The version of the library should be 2.1.7D or later!

5. Relink

After the relink various platform specific methods exist for verifying the executables linkage to the library.

HP/UX:

chatr $ORACLE_HOME/bin/oracle

dynamic /ora01/app/oracle/product/8.1.6/lib//libobk.sl

AIX:
dump -X32 -Hv oracle | pg
…..
8                                    libobk.a            shr.o

Solaris:
ldd ?

6. Configuration

Creating a password file

Creating the password file is version specific, and changed with TDPO v2.2. The instructions in the Current IBM red book are for version v2.1. Check that you are using the correct utility.

PASSWORD_ACCESS parameter in the DSM.SYS file and make sure it is NOT set to “generated”. The parameter PASSWORD_ACCESS needs to be set to “permanent”

Run the tdpoconf utility to generate a password file

Tdpoconf password -TDPO_OPTFILE=<>

The file will be of the form TDPO.<node name> where the node name is defined in the tdpo.opt file.

Change the owner:group of the file to be oracle:dba

7. Testing

The backup process can be tested non destructively by performing the backup validate command.

The restore process can be tested non-destructively by performing a restore validate command on a valid backup.

It is possible for the backup to fail silently if the setsize is too large, it is recommended that the setsize be explicitly set and that a restore validate should be performed to verify the validity of the backup. If the setsize is too large, the restore validate will return the following errors:

RMAN-10035: exception raised in RPC: ORA-19660: some files in the backup set could not be verified
ORA-19661: datafile 3 could not be verified
RMAN-10031: ORA-19660 occurred during call to DBMS_BACKUP_RESTORE.RESTOREBACKUPPIECE

E.g.:

Backup database setsize = 2024800

8. Tracing and debugging

AIX

A list of system errors can be generated with the following command:

errpt -a

sbttest

The sbttest (and sbttest.exe) utility can be used to check the configuration of the TDPO library on most platforms.
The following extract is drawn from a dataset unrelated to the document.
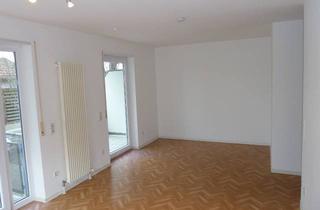 Wohnung mieten in 67454 Haßloch, Helle, 2-Zimmer-Hochparterre-Wohnung mit 2 Balkonen, Einbauküche, KFZ- Stellplatz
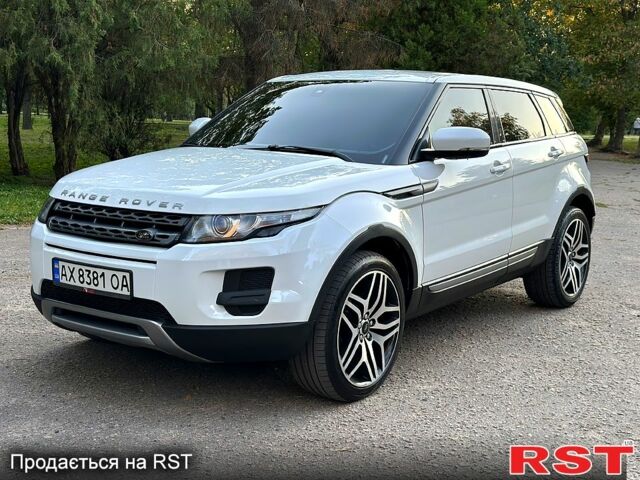 Белый Ленд Ровер Рендж Ровер Эвок, объемом двигателя 2.2 л и пробегом 220 тыс. км за 16800 $, фото 3 на Automoto.ua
Interpretation of error codes

Additional information 7xxx – indicates operating system probs.

Error numbers are defined in skgfqsbt.h and 149068.1 and are also listed towards the end of this document.

Additional information/return codes 2xxx – explanations can be found in: dsmrc.h

Likely error messages and their interpretation

ORA-19506 and ORA-27006

The media management software is linked correctly, but is not operating properly.

ORA-19511 and a 4110 media manager return code

The media management layer is not correctly linked.

BACKUP_DIR environment variable is not set

The oracle executable is still linked to the dummy test library libdsbtsh8.a or libdsbtsh8.so.

Log files to examine

RMAN log
sbtio.log file (located in user_dump_dest)
tdpo.out
tsmapi.out
DSIERROR.LOG (API error log file for TPDO)
See also tracefile parameter in dsm.opt

Generating a trace file
A parameter can be used to force the generation of a trace file.

E.g.:

run {
allocate channel t1 type ’sbt_tape’ trace 1;
debug on;
restore tablespace PSAPBTABD ;
recover tablespace PSAPBTABD ;
release channel t1 ;
debug off;
}

The ‘TRACE 1′ will create an Oracle trace file in udump for each channel allocated. We need to see what calls were made last in those files. The trace will capture the conversation between the MML and the Oracle server process.

9. Problems

HP/UX

The oracle executable errors and is unable to find the TDPO supplied tape library.

Use chatr to verify that the oracle executable uses the LD_LIBRARY_PATH/SHLIB_PATH environment variables:

% cd $ORACLE_HOME/bin
% chatr oracle
1 oracle:
2              shared executable
3              shared library dynamic path search:
4                              SHLIB_PATH enabled second
5                              embedded path disabled first Not Defined
Etc.

The command chatr is used to enable or disable SHLIB_PATH and LD_LIBRARY_PATH:

% chatr +s enable <executable>
or
% chatr +s disable <executable>

On HP-UX 10.20 and 11 (32 bit), this enables/disables SHLIB_PATH only.
On HP-UX 11 (64 bit), both SHLIB_PATH and LD_LIBRARY_PATH are enabled/disabled.

Out of memory errors

Out of memory errors can be caused by setting the FILESPERSET parameter too high, try setting FILESPERSET to 4.

Timeouts

Timeouts can be caused by setting the FILESPERSET parameter too high, try setting FILESPERSET to 1.

Oracle 8.1.6

There are known issues linking Oracle 8.1.6 to TDPO. Instructions for linking this release can be found in metalink article147862.1.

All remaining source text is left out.